**ABOUT THIS EXERCISE**
Print exactly the lines below between the line containing "Hey everybody, it's" and the line containing "Superiorly, remaining xanthelasma", counting both of those lines. Leave pictures out.
::::::::::
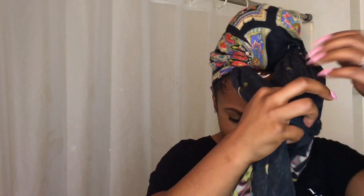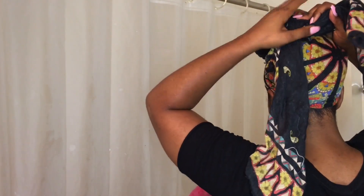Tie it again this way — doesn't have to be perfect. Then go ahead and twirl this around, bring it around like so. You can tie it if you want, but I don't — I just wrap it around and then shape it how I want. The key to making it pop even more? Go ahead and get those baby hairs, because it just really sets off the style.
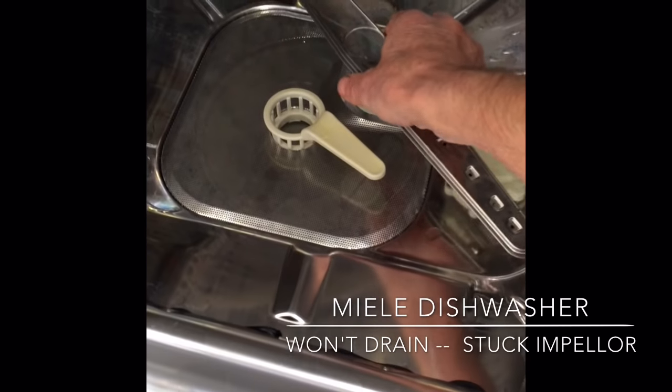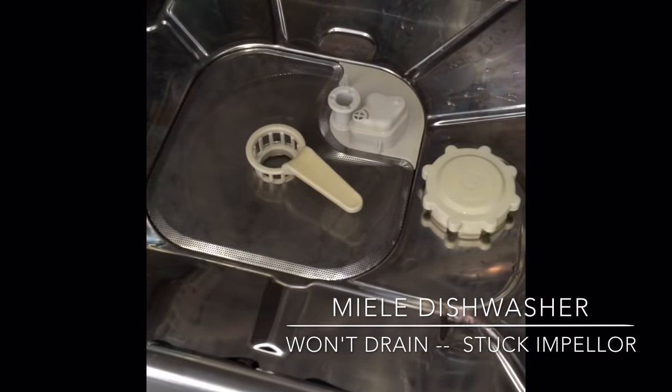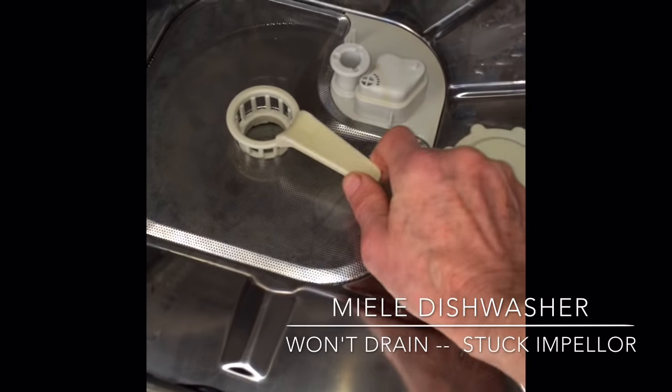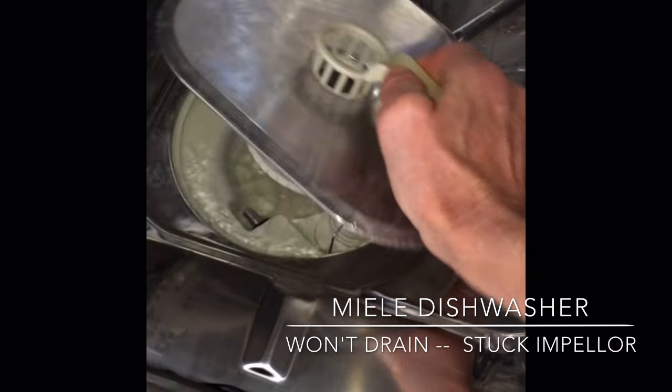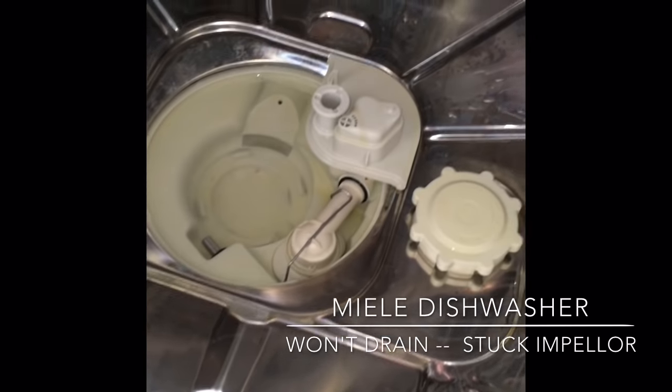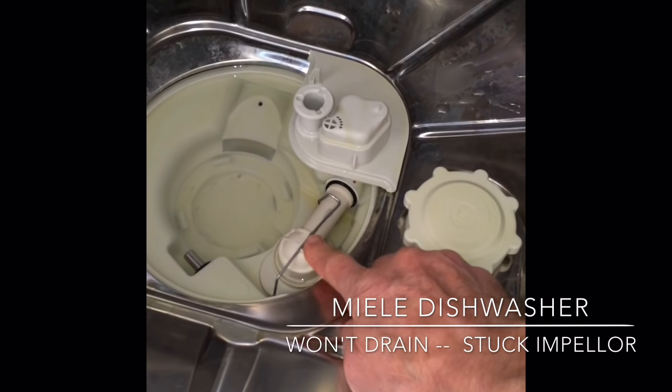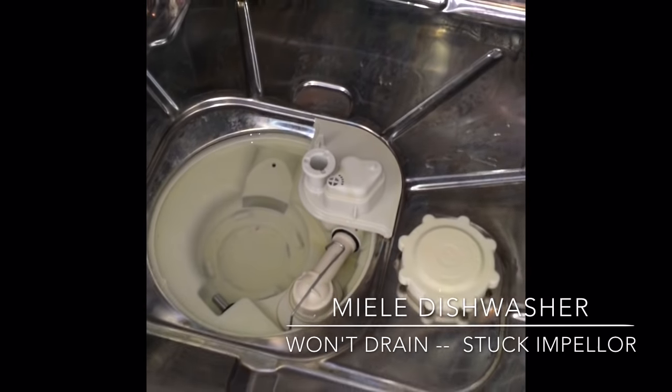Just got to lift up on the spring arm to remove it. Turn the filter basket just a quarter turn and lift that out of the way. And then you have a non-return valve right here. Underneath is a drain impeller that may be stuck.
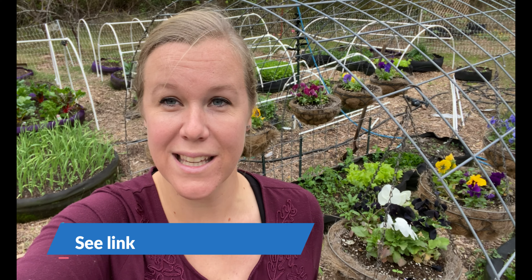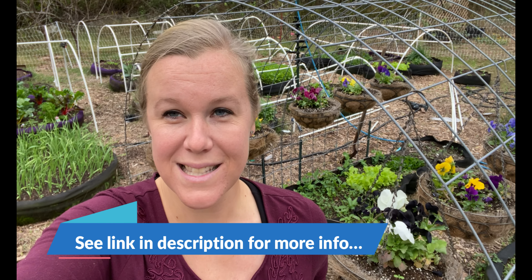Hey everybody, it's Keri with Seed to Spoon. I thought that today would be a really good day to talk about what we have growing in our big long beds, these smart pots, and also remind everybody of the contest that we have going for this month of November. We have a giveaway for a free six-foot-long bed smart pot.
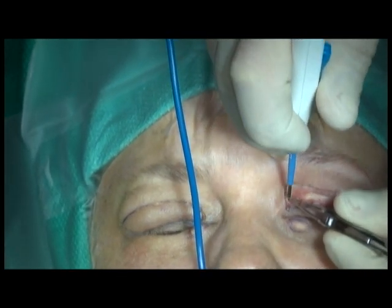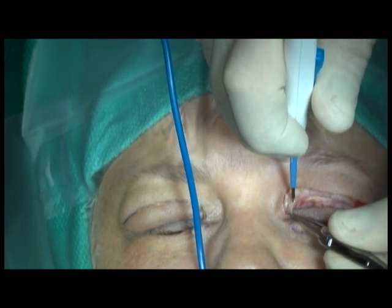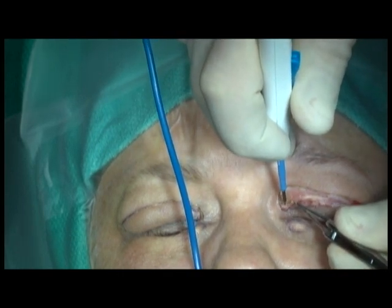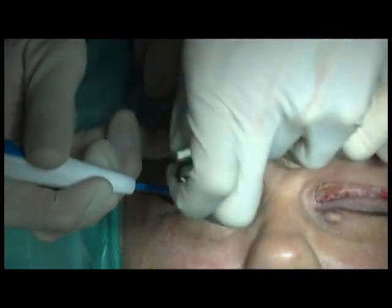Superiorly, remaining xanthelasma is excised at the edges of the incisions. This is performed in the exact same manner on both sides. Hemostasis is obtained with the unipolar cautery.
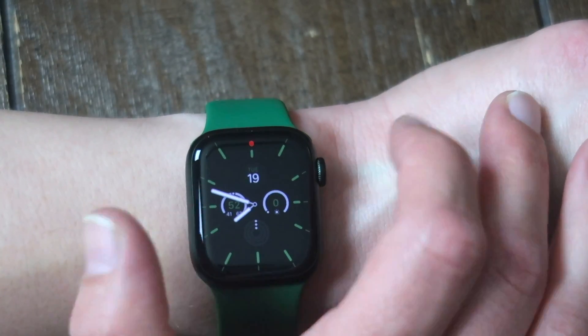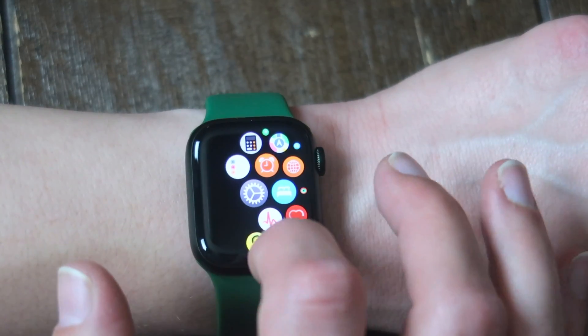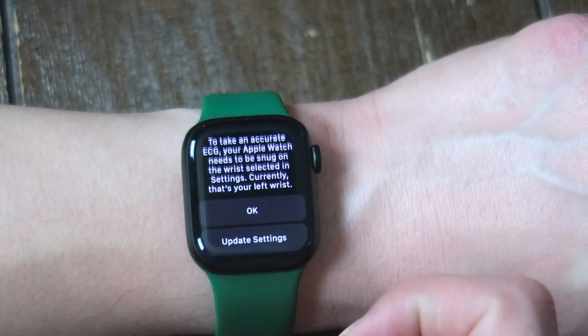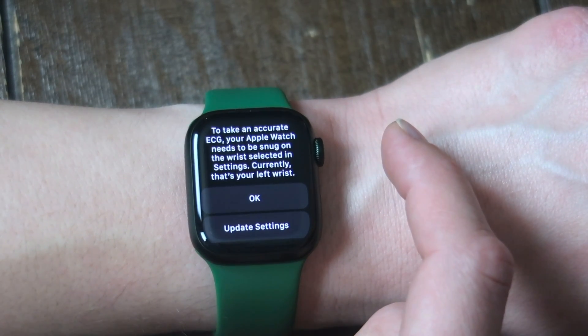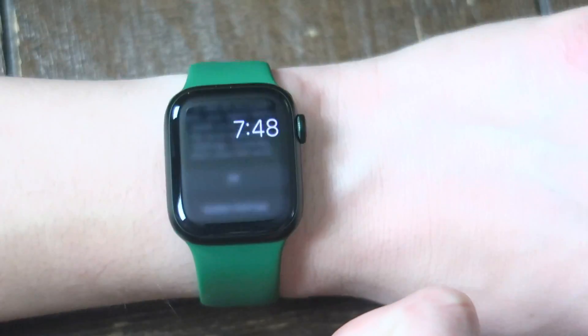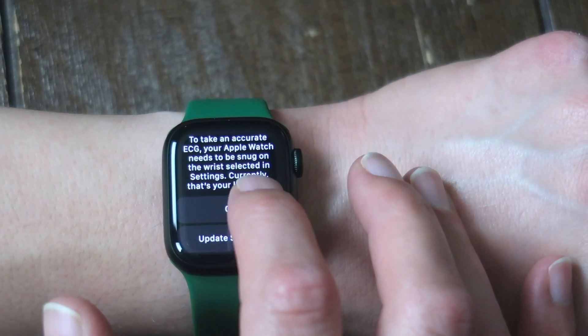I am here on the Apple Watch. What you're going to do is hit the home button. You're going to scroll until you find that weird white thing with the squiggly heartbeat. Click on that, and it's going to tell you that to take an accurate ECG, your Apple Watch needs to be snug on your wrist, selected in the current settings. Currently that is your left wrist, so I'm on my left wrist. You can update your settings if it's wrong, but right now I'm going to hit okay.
::::::::::
**WRITTEN RESPONSE**
Hey everybody, it's Keri with Seed to Spoon. I thought that today would be a really good day to talk about what we have growing in our big long beds, these smart pots, and also remind everybody of the contest that we have going for this month of November. We have a giveaway for a free six-foot-long bed smart pot.
Superiorly, remaining xanthelasma is excised at the edges of the incisions. This is performed in the exact same manner on both sides. Hemostasis is obtained with the unipolar cautery.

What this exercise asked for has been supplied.